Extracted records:
.....

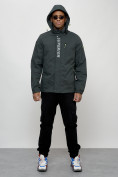 Оптом Куртка спортивная мужская весенняя с капюшоном темно-серого цвета 88022TC в Казани, фото 5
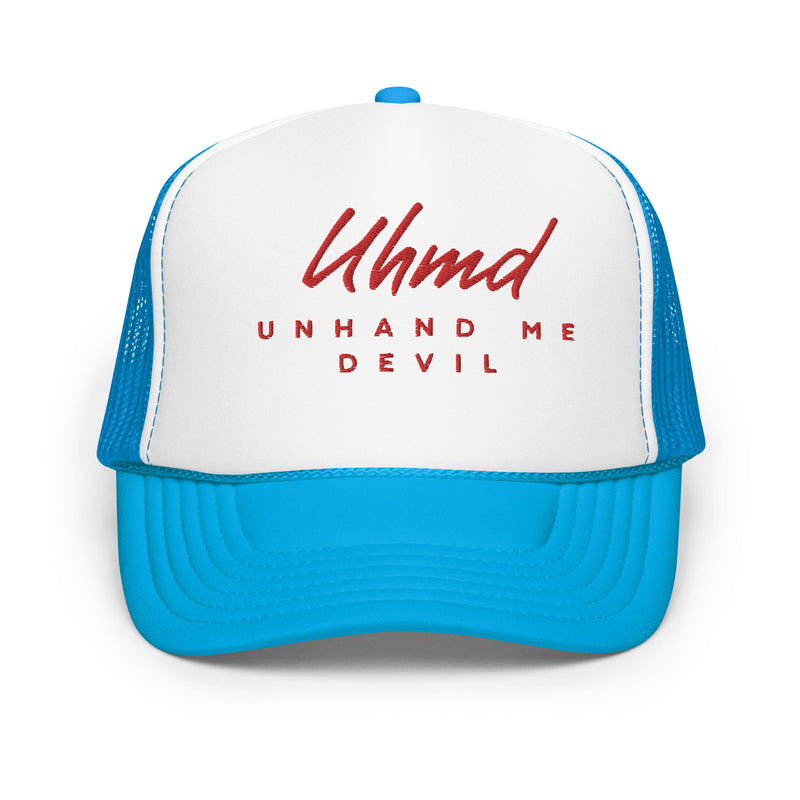 Foam trucker Hat Red Stitch Unhand Me Devil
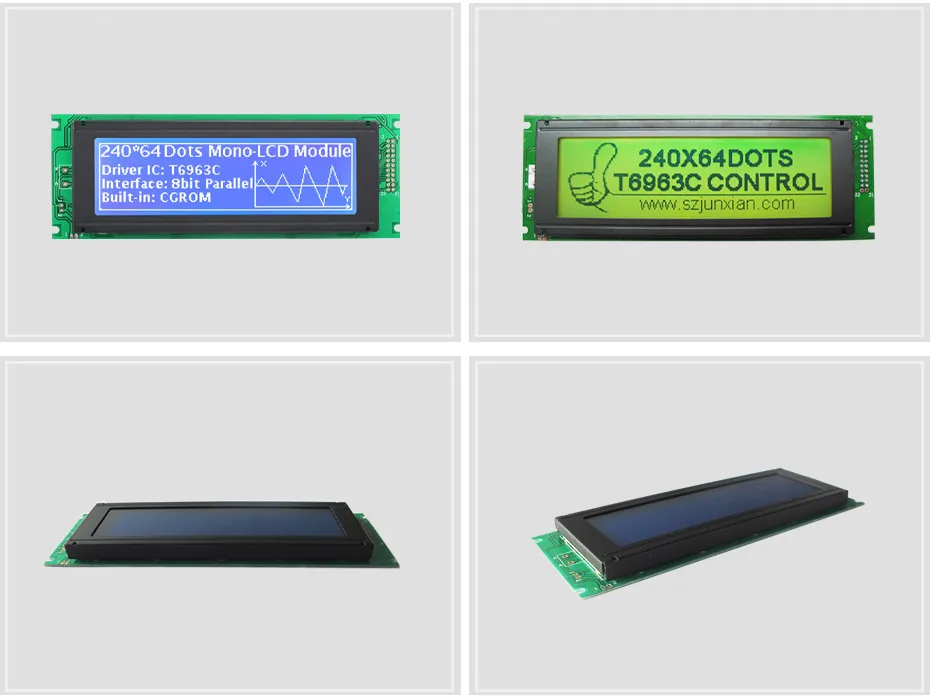 240×64 Dots Monochrome Graphic LCD Display 200cd/m2 Durable Construction Lcd Screen view 2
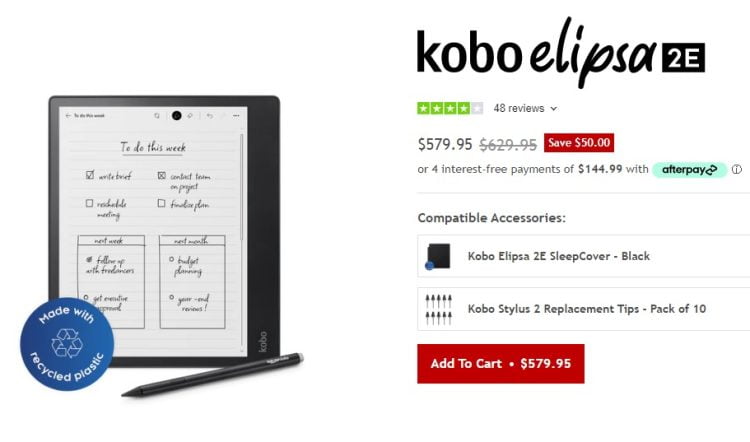 Rakuten Kobo: get $50 off the Kobo Elipsa 2E – now $579.95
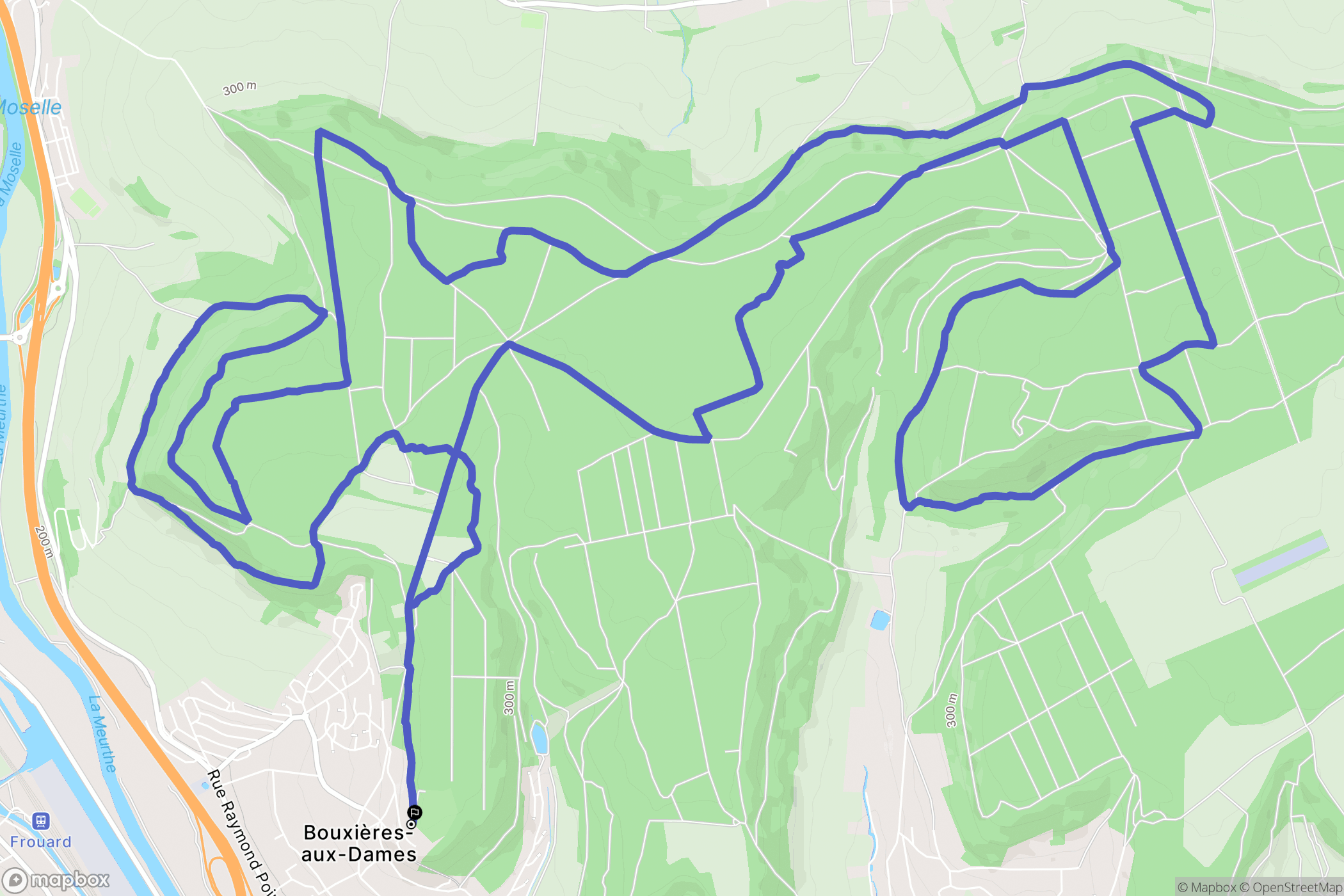Bouxières-aux-Dames : carte du parcours de randonnée - France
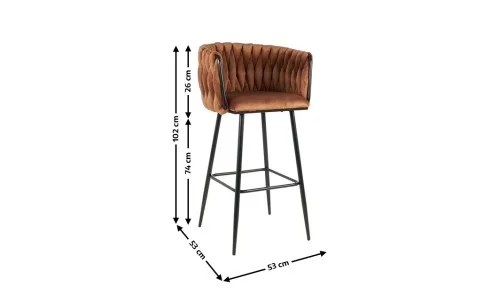 Scaun Bar KJC365 Maro & Picioare Negre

.....

Activity:
If a line falls between the one containing "Rakuten Kobo: get" and the last line of the entries above, both included, reproduce it exactly; leave the pictures out.

Result of the task:
 Rakuten Kobo: get $50 off the Kobo Elipsa 2E – now $579.95
Bouxières-aux-Dames : carte du parcours de randonnée - France
 Scaun Bar KJC365 Maro & Picioare Negre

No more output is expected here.